Segment Open
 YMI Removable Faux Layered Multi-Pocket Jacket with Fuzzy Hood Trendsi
Segment Closed
Segment Open
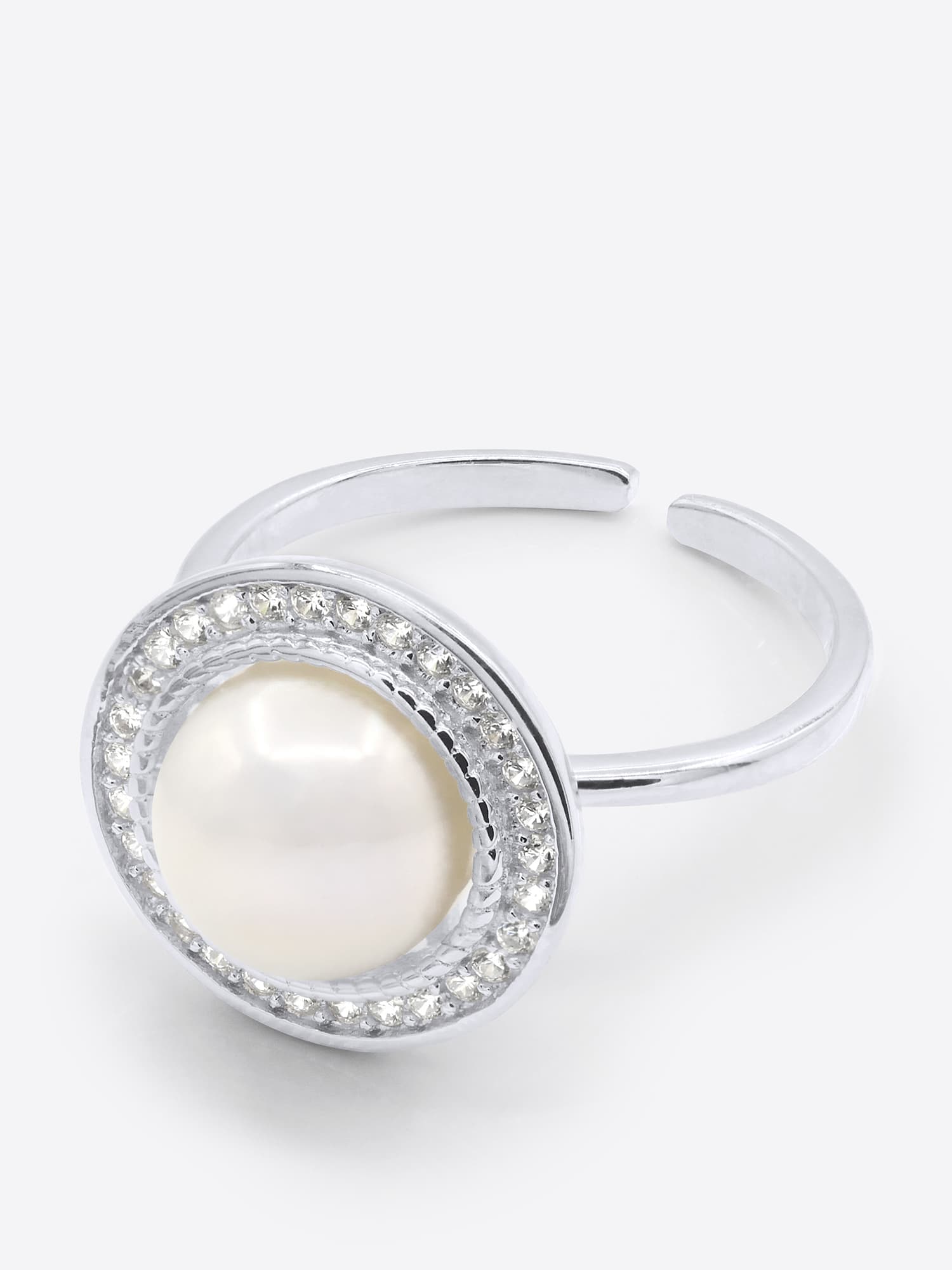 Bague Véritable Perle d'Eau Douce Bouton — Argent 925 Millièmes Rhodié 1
Segment Closed
Segment Open
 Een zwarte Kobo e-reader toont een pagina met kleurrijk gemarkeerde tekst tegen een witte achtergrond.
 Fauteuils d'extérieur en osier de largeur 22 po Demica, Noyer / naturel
Segment Closed
What the exercise asks: Give only the lines from the one holding "Een zwarte Kobo" through the one holding "Fauteuils d'extérieur en", each restated exactly as it appears above.

Answer for the task:
 Een zwarte Kobo e-reader toont een pagina met kleurrijk gemarkeerde tekst tegen een witte achtergrond.
 Fauteuils d'extérieur en osier de largeur 22 po Demica, Noyer / naturel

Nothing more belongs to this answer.